Как показывает опыт первых христианских сообществ, тех ячеек христианского общежития, которыми были, по сути дела, первые монастырские общины, везде, где христиане организуются самостоятельно, правление, если таковое имеется, непременно принимает характер иерархический. Власть игумена – вместе отеческая и деспотическая – становится прообразом власти христианского самодержца.

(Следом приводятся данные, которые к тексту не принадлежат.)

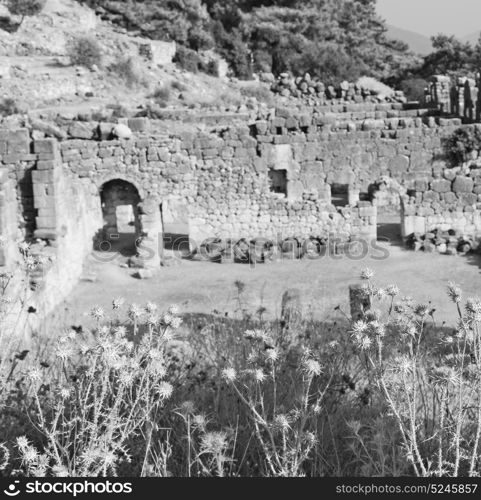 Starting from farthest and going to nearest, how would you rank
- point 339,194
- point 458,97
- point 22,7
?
1. point 22,7
2. point 458,97
3. point 339,194

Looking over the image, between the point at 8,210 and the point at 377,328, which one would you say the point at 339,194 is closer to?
the point at 8,210

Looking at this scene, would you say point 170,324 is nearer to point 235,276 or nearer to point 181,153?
point 235,276

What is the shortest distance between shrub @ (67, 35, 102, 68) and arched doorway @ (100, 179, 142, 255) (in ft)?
64.0

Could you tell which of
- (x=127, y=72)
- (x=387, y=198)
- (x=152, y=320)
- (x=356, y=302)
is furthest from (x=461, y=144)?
(x=152, y=320)

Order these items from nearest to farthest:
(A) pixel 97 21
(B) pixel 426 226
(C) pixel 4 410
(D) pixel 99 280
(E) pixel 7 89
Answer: (C) pixel 4 410, (D) pixel 99 280, (B) pixel 426 226, (E) pixel 7 89, (A) pixel 97 21

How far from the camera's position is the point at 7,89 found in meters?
31.5

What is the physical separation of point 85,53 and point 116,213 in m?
20.3

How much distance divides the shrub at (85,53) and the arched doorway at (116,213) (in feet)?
64.0

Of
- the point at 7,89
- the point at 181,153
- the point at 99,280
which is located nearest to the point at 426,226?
the point at 181,153

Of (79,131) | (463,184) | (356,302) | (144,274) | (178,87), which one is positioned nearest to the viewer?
(356,302)

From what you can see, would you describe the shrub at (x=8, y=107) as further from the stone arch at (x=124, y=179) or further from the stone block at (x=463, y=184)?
the stone block at (x=463, y=184)

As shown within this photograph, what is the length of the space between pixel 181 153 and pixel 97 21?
31.5 m

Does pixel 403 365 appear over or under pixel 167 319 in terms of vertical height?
under

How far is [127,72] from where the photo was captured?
37.1 meters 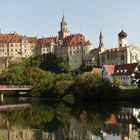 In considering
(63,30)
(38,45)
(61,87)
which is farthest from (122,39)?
(61,87)

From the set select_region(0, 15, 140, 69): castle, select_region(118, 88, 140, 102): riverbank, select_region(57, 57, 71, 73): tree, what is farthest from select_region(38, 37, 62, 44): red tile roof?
select_region(118, 88, 140, 102): riverbank

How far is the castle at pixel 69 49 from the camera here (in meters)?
125

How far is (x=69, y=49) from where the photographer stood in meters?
144

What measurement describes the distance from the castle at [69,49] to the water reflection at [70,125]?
5900 centimetres

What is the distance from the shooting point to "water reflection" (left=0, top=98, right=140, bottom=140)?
39156 millimetres

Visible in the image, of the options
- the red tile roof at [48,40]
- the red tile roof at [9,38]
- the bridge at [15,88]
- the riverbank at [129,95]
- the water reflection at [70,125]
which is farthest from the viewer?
the red tile roof at [9,38]

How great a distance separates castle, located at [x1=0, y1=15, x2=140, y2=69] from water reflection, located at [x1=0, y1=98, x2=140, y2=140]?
59.0 metres

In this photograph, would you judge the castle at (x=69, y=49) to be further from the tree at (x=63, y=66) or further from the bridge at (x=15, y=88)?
the bridge at (x=15, y=88)

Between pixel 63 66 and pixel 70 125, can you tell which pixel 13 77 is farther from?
A: pixel 70 125

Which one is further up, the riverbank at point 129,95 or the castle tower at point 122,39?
the castle tower at point 122,39

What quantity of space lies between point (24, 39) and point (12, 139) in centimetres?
12266

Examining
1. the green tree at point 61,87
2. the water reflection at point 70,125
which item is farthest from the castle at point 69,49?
the water reflection at point 70,125

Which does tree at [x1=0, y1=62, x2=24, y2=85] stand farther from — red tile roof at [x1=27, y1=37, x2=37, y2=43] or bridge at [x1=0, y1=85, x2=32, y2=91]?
red tile roof at [x1=27, y1=37, x2=37, y2=43]

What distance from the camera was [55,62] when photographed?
134500mm
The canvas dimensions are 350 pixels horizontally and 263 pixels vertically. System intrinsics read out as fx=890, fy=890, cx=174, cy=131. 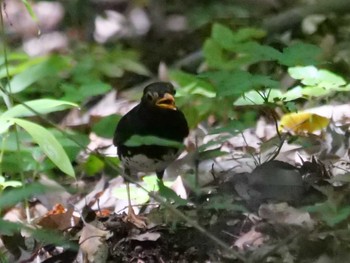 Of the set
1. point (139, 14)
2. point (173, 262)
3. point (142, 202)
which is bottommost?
point (139, 14)

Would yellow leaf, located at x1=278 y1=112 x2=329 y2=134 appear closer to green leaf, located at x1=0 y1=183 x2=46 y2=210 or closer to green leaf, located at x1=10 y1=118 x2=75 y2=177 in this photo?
green leaf, located at x1=10 y1=118 x2=75 y2=177

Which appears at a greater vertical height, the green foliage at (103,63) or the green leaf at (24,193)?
the green leaf at (24,193)

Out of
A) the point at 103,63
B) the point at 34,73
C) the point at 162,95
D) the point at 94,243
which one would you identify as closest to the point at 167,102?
the point at 162,95

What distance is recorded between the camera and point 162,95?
3613 millimetres

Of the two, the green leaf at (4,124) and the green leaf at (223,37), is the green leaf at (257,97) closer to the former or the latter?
the green leaf at (223,37)

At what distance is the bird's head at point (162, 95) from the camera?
141 inches

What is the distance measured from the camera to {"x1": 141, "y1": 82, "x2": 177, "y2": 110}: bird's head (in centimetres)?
359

Почему происходит это именно так? Воспользовавшись терминологией крупнейшего немецкого социолога нашего века Макса Вебера, можно сказать, что поведение их является не целерациональным, то есть ориентированным на достижение рационально поставленной и продуманной прагматической цели, а ценностно-рациональным, основанным на вере в безусловную и самодовлеющую ценность определенного поведения как такового. Оставив все, что у них было, христиане берут в свое земное странствие только одно – крест Христов. Но тот «тип поведения», те ценности, которые крест этот воплощает – кротость, смирение, самоуничижение – с властью несовместимы, чуждаются её, и самодержавие, столь неразрывно с православной культурой связанное – не что иное, как оборотная сторона, изнанка всенародного этоса отречения от власти, символ этого отречения. Уже для Господа нашего крест был знаком кенозиса, повиновения воле Отчей, отказа от земного, Израильского, псевдомессианского царства. Именно отвергая это царство, становится Иисус Царем Небесным, делая и нас, народ Божий, причастником своего царственного священства. Как власть игумена есть не внешняя сила, а лишь следствие, лишь выражение воли братии к послушанию, так и власть самодержца есть лишь следствие совершенного народом духовного подвига – отрицания, аскетического подавления в себе той слепой, демонической воли к власти, в которой многие мыслители – достаточно вспомнить хотя бы Фридриха Ницше, подлинного её певца и пророка – видели главную пружину хода истории. Политический выбор христианского народа оборачивается, таким образом, отрицанием политики, возвышаясь до символического, или, по православной терминологии умного жеста. Земная империя, бывшая в язычестве лишь способом правления, зримым проявлением неукротимого, сделавшего Рим господином мира, властолюбия, после принятия христианства видимо мало, в чем изменилось – убивали друг друга цезари, шли завоевательные и междоусобные войны, свирепствовала как прежде фискальная система – но, увенчав державу крестом, перестала быть слепой силой, и получила смысл, сама, став великим знамением – знамением того, что там, в глубине её, народ уже выбрал себе царство иное, уже возложил на себя тот крест страдания и отречения, на котором и утверждена отныне его земная держава.

И будем надеяться, что теперь, на том историческом перепутье, где наша страна оказалась, вспомним мы о своем православии и, не слушая лукавых советчиков, найдем в себе силы для принятия самодержавия – для совершения того единственного символического, умного, жертвенного, поистине духовного акта, который из «тела душевного», из очередной нации, борющейся за свое благополучие и место под солнцем, возродит, окрестит нас в тело духовное, в народ, взыскующий Царствия Божия и Его правды.